When storing on the counter, it should last about a week (uncut). You can put them in the fridge if your house is getting warm, and it should last 1-2 weeks.
Should I buy organic?
For cantaloupes from the US, yes. Watermelon from any source, and cantaloupes from south america don't need to be organic.
Consumer Reports analyzes all of the data from Environmental Protection Agency (EPA) pesticide tests. The EPA tests pesticides found on and in produce, along with the concentration and toxicity of each pesticide.
Cantaloupe from the US fall in to the 'high' health risk category, which means a small child would only need to eat 1-5 servings a day to exceed the known-to-be-safe limits of pesticide. Watermelons and cantaloupe from South America have near-organic levels of pesticide.
There is currently no data for honeydew.
Each recipe has been reviewed to make sure all ingredients are in season at the same times as the melons, or that the ingredients are in-season all year.
Reagan Weaver says
I have my best luck with choosing watermelons. The melons I am most interested in are the honeydews. You give a few clues for them, but I’d love to know how you came to your conclusions. Do have experience growing melons? Have you actually compared melons in the field right after cutting vs waiting a week? Two weeks? Did you compare melons from different fields or how about different vines within the same field? Can sweetness vary according to amount of irrigation/rain or the seed or fertilizer? I hate to ask this, but do pesticides affect flavor? … and you thought you were the geek? ; )
I LOVE these questions (especially followed by "and you thought you were the geek?"). Let's see what I can get through for honeydew melons first:
1. Experience: I just started growing melons after moving to a climate where they thrive. I have read through some university research papers and then tested a handful of the things myself. But every time I test one thing, it raised 5 more questions which I can't answer until next year's gardening season. UC Davis has a helpful page about the maturity & quality of honeydews.

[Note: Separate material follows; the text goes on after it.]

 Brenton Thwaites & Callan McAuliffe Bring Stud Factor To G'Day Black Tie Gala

2. Sweetness definitely varies based on irrigation & rain. If they receive a lot of water before harvest, they get a slightly more watered down flavor (the same effect you find in strawberries, tomatoes, etc).
3. Vine/Field tests: I have tested sweetness from the same vine vs different vines 'in the same field' (meaning, my own backyard garden). Two melons from the same plant, picked at the same time, that appeared to both be mature had noticeable difference in flavor. This has happened with all of my fruit and I'm trying to find out why. Were they perhaps NOT equally ripe? Was one on a stronger vine (and does that matter)? I will be investigating.

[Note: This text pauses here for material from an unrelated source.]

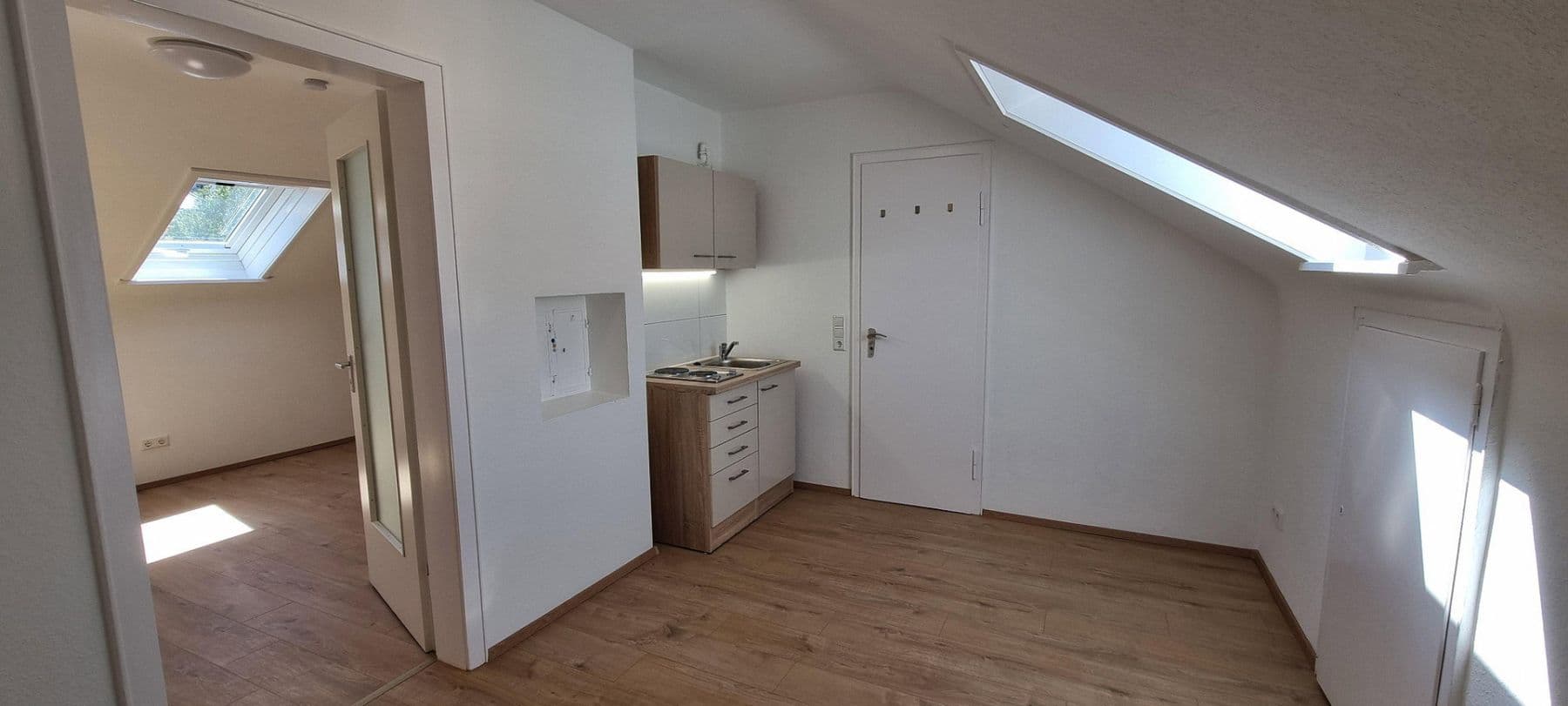 Studio flat to rent, 36 m², Breitscheidstraße 93 A, Stuttgart, Baden-Württemberg Studio flat to rent, 36 m², Breitscheidstraße 93 A, Stuttgart, Baden-Württemberg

4. Fertilizer: I would assume fertilizer affects flavor, but can't say for certain. I will try to do some research and find out what in fact can affect it. I know for sweet onions, a low sulfur soil / fertilizer keeps them from having that strong onion flavor).
5. Pesticides: Great question about pesticides. I refuse to use them in my own garden, so I haven't even researched that. But I will add it to my list, because it is such an interesting question. If it affects flavor, then that could influence someone's decision to buy conventional vs organic produce at the market.
6. Storage: I have not tested the melons right after being cut vs waiting a week. I'm sure I ate some a week later, but didn't take notes. I can't believe I didn't think to test that. Anyway, I'll be adding that to this year's list of things to test.
Helen Putland says
Reliable tip for picking ripe watermelons:
The tendrils at the distal end of its branch will dry and shrivel when the watermelon is ripe.